Absolutely. I can even say today that almost all the images I had in mind before leaving were very bad ideas and were not realized (or so bad!).
How was your selection of images?
I went through a lot of steps, and I discovered how much the other person’s gaze turned my own apprehension of my photographs. When someone looked at my selections, without saying anything, the images mutated instantaneously to my eyes … some sprang, others became bland or irritating. It was there that I became aware of the importance of the external gaze, and I was very lucky in my various meetings, which were all extremely benevolent. Ljubisa Danilovic and Sabrina Biancuzzi encouraged me and helped me at the beginning and the return of my trips, Gilles Roudière unlocked me at a time when I was a little lost and brings back images that I had thrown away, and Caroline Benichou took a look full of sensitivity on the almost complete set (but the proof was made at that time, that it was not …).
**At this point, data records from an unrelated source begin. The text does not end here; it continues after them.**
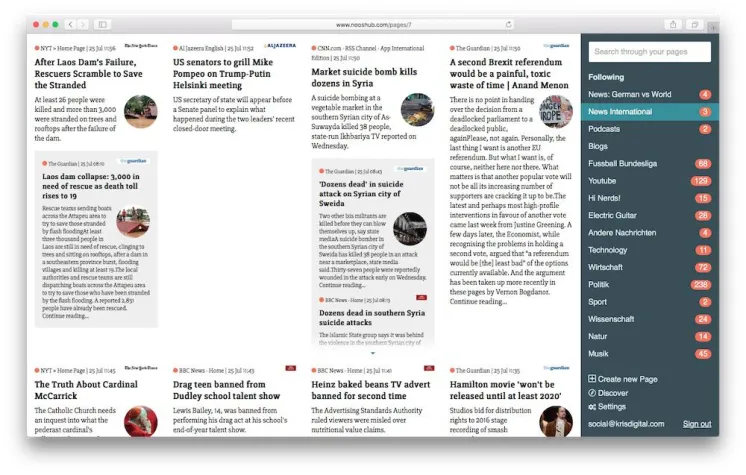 Bild: Der unsoziale Newsreader - RSS + KI = Nooshub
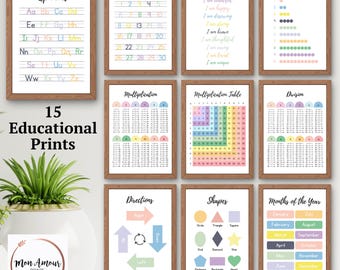 15 Pastel Educational Posters | Printable Educational Wall Art | Montessori Classroom | Homeschool Prints | Math Posters | DIGITAL DOWNLOAD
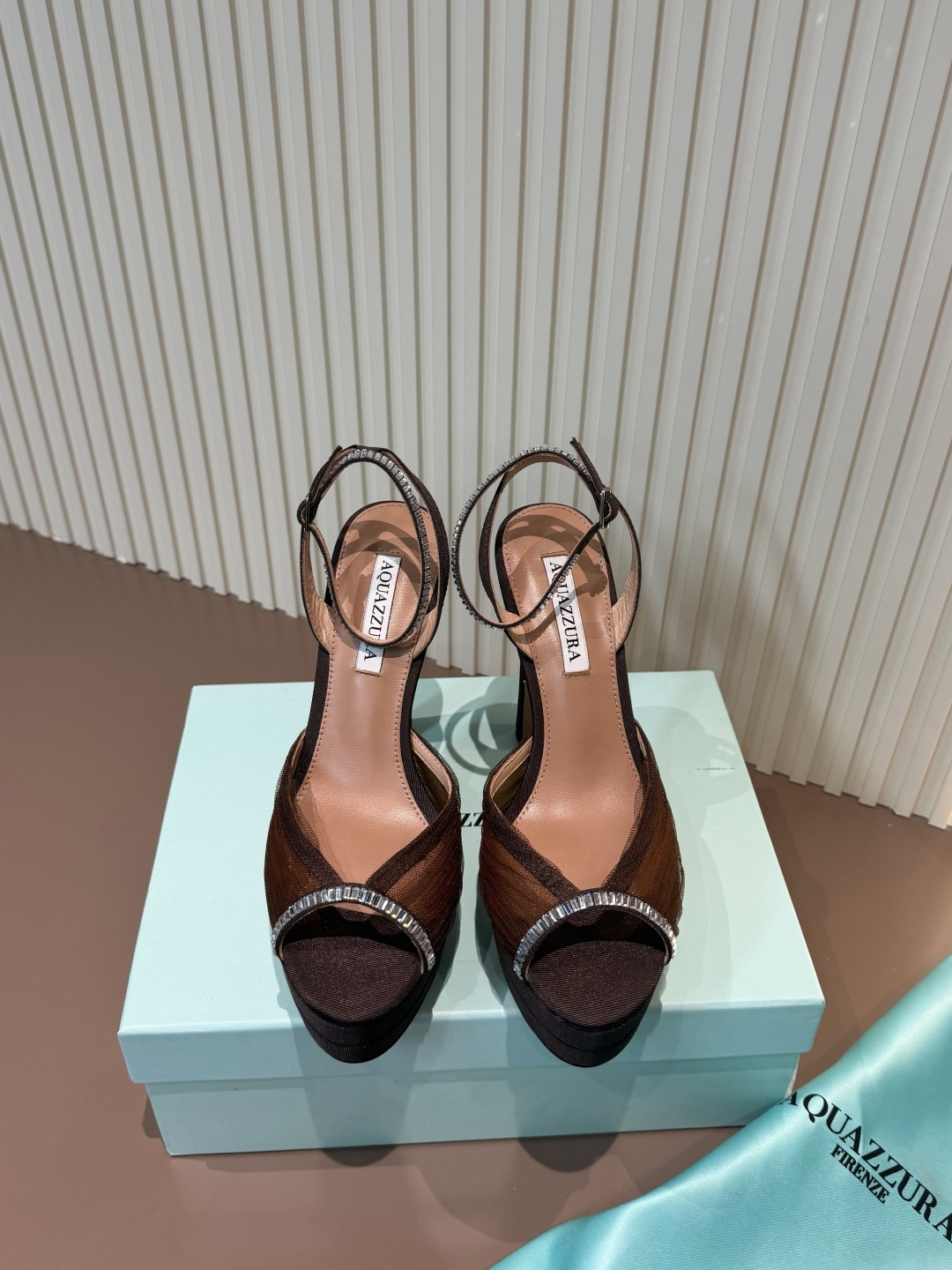 AQUAZZURA 高跟鞋 网纱 水钻 露趾 棕色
My publisher Manu Jougla of Éditions Saturne was also very present and our friendship was born around this project, and of course, my companion Jeanne Barbieri who gave me the look of the one who also discovers photography but sees everything with hindsight and poetry …
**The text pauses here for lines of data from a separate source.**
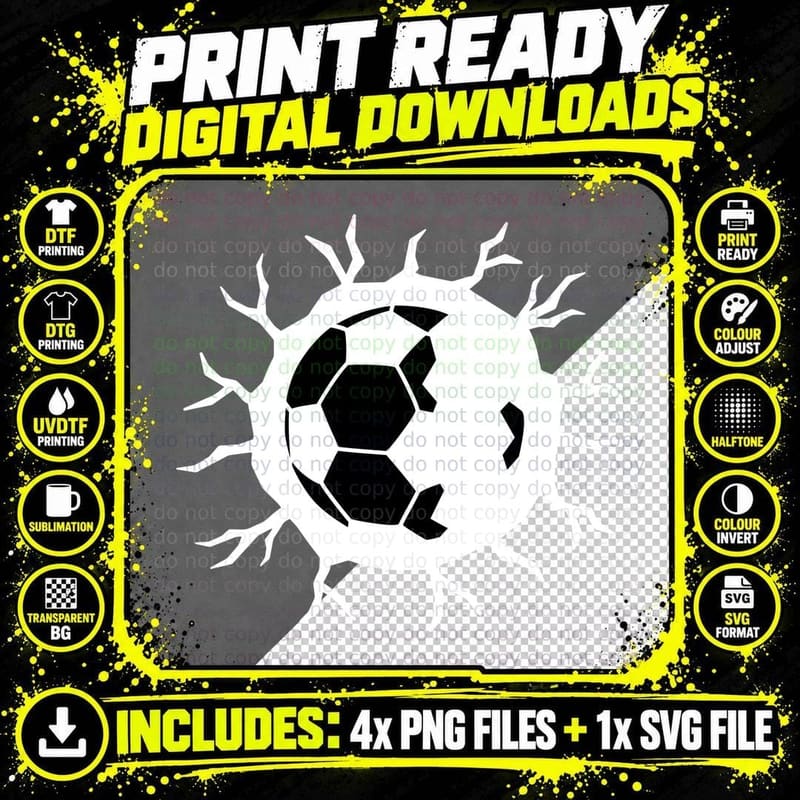 Soccer Ball Bursting Through Wall Soccer T-Shirt Png SVG Digital Bundle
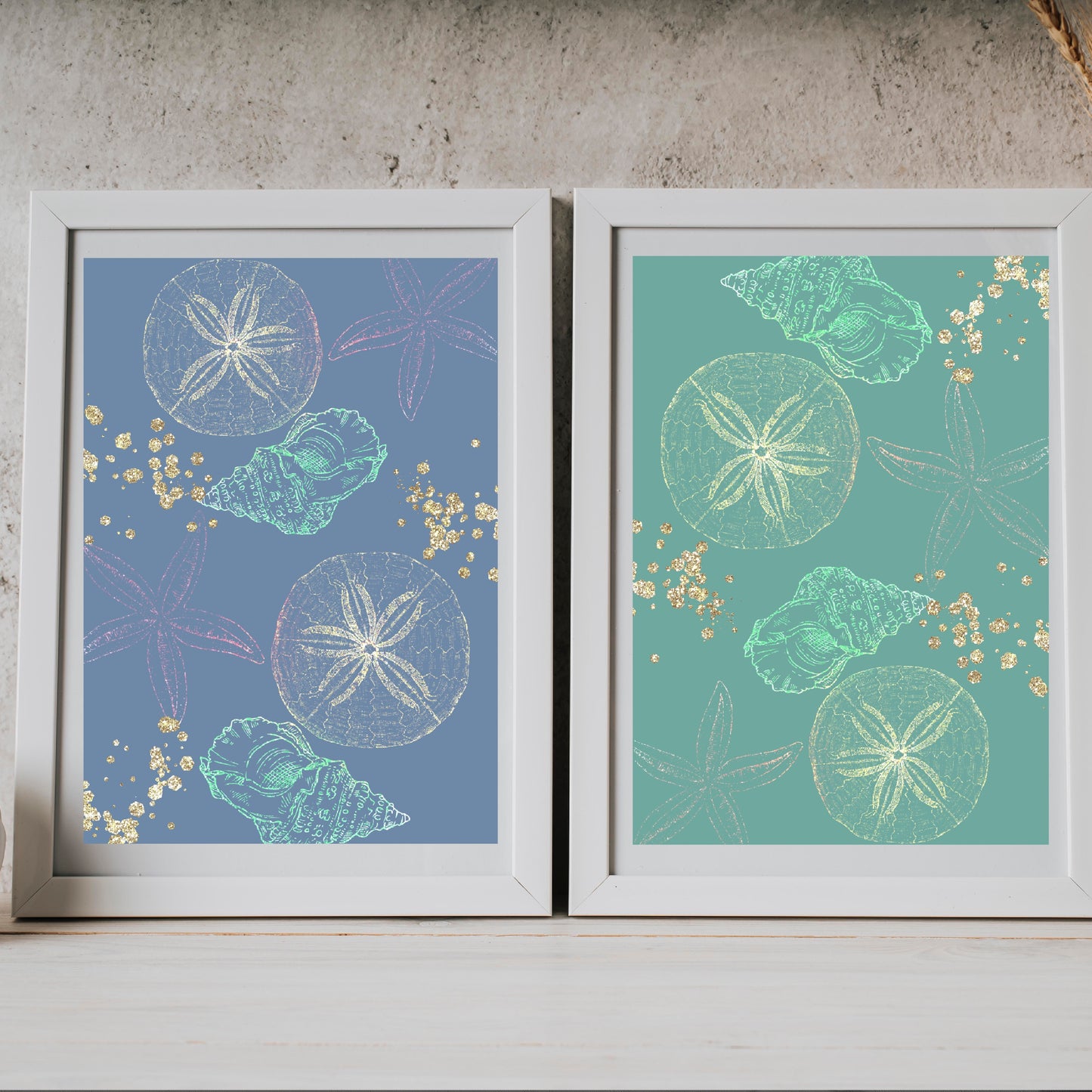 Coastal wall art, seashells art print, green and blue, spiritual wall art, set of 2, displayed in frame, ascension digital fine art.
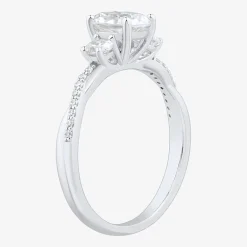 Love Lives Forever (H-I / Si1-Si2) Womens 1 CT. T.W. Lab Grown White Diamond 10K Gold Oval Side Stone 3-Stone Engagement Ring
What are your sources of inspiration?
My first photographic emotions were the images of Klavdij Sluban, Michael Ackerman, Daïdo Moriyama … but I am also very touched by the photographers of my generation, like Gilles Roudière, Damien Daufresne, Gabrielle Duplantier, Stéphane Charpentier who instantly gave me impressed.
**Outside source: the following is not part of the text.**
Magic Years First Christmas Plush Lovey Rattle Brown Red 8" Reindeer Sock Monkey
Several times I thought that I had done photography to do H, and that I could stop then, why not? But now I can not imagine my life without the photographic work. So I have a project in mind, but I am someone very slow before doing things (which I often do very quickly). I think about it a lot, but I’m waiting to feel some urgency before I start, to be sure of the real subject. This project will bring me into a geographical and cultural area very different and unknown to me … Then I have my most intimate photographic practice that accompanies me day by day, around two important axes for me. But it will surely remain private, I do not know yet, we’ll see … Inch’allah.
Gregory Dargent’s website:
The book :
H, Gregory Dargent
112 pages. Size: 23 x 15.9 cm. 35 euros. Saturn editions
The Dream of a Movement, collective exhibition, organized by Amine Boucekkine with Gregory Dargent, Gilles Roudière, Stephane Charpentier, Damien Daufresne, Gael Bonnefon, Frederick D. Oberland, Elisa Leonie Migda.
At the Atelier Gustave, Paris; from January 11 to 16, 2019.